I'm given that the solution to the diffusion equation on $\mathbb{R}$ is $$u(x,t)=\frac{1}{\sqrt{4\pi Dt}} \int_\mathbb{R} e^{-\frac{(x-y)^2}{4Dt}} f(y) \, dy$$
I'm also given that $f(x)=\begin{cases} 1 & \text{if } 0<x<a \\ 0 & \text{otherwise}\end{cases}$
Now I need to find an explicit form for $u$ in terms of $\operatorname{erf}(x)$.
I have that $$u(x,t)=\frac{1}{\sqrt{4\pi Dt}} \int_0^a e^{-\frac{(x-y)^2}{4Dt}} \, dy$$
From here I guess I need to make a substitution to get the integrand in the form $e^{-r^2}$. Is this correct? If so, what substitution?

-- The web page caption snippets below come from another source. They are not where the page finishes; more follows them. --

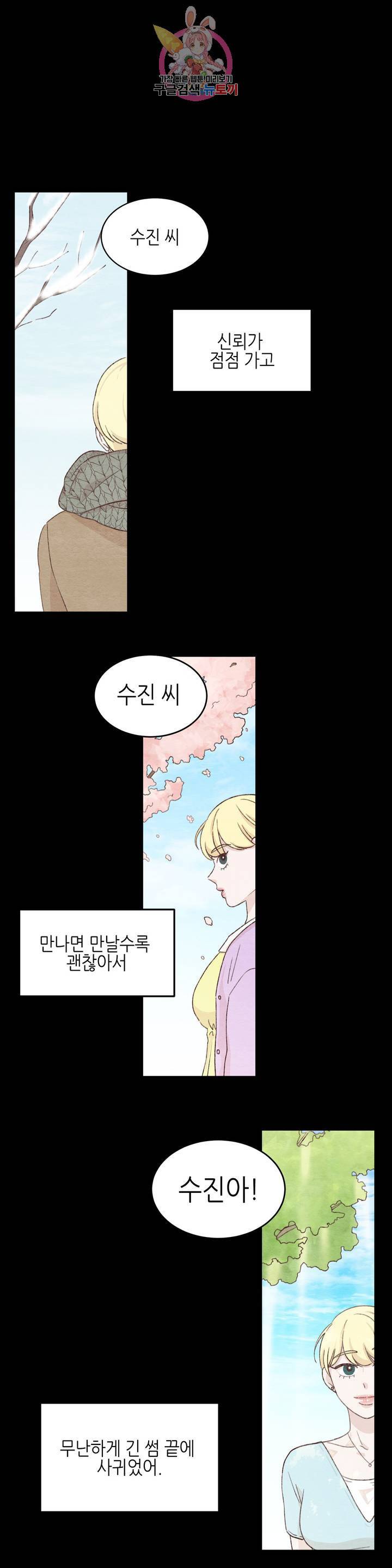 오늘의 섹스는 성공할 수 있을까? 13화 16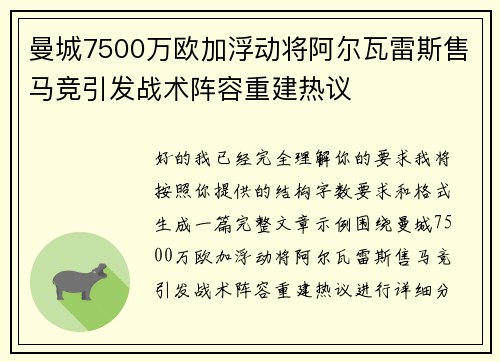 曼城7500万欧加浮动将阿尔瓦雷斯售马竞引发战术阵容重建热议 曼城7500万欧加浮动将阿尔瓦雷斯售马竞引发战术阵容重建热议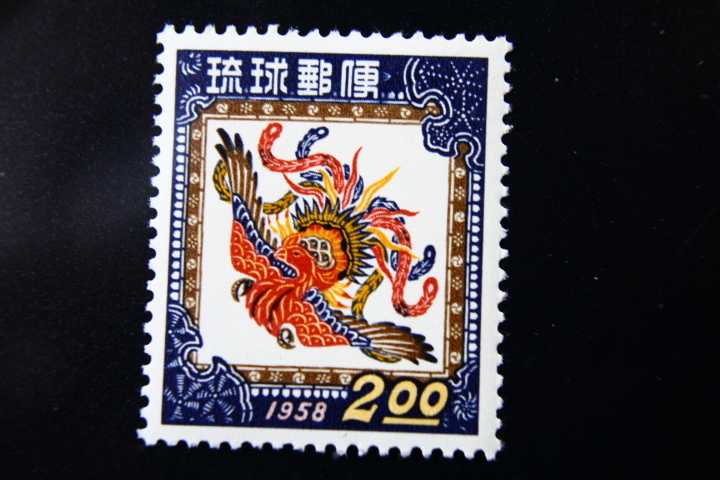 【即決R225】送料63円 琉球切手（沖縄）1958年用年賀切手 鳳凰を描いた紅型 2円 1957年(昭和32年) 型価50の画像1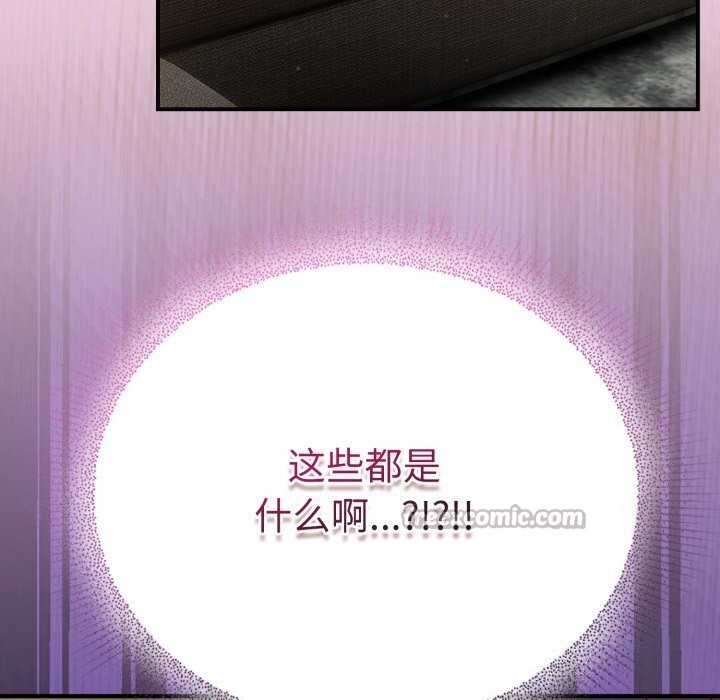 硬也要拍完第5話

Following the suggestion given in the comments I have the following:
$r=\frac{x-y}{\sqrt{4Dt}}$ and therefore $\frac{dr}{dy}=-\frac{1}{\sqrt{4Dt}}$. Plugging these into the integral gives me $$u(x,t)=-\frac{1}{\pi}\int_{x/\sqrt{4Dt}}^{(x-a)/\sqrt{4Dt}}e^{-r^2} \, dr$$
Starting out we have $$u(x,t) = \frac{1}{\sqrt{4D\pi t}}\int_{\mathbb{R}}e^{-\left(\frac{x-y}{\sqrt{4Dt}}\right)^2} f(y) dy $$ And through substitution and use of the definition of $f(y)$ which you've correctly done, obtained $$ u = -\frac{1}{\pi}\int^{\frac{x-a}{\sqrt{4Dt}}}_{\frac{x}{\sqrt{4Dt}}} e^{-r^2} dr = -\frac{1}{\pi}\int^{r(a)}_{r(0)} e^{-r^2}dr = -\frac{1}{\pi}\left(\operatorname{Erf}(r(a)) - \operatorname{Erf}(r(0)) \right) = -\frac{1}{\pi}\left(\operatorname{Erf}\left(\frac{x-a}{\sqrt{4Dt}}\right) - \operatorname{Erf}\left(\frac{x}{\sqrt{4Dt}}\right) \right)$$ This is because $$\int_a^b e^{-x^2} dx = \operatorname{Erf}(b) -\operatorname{Erf}(a) $$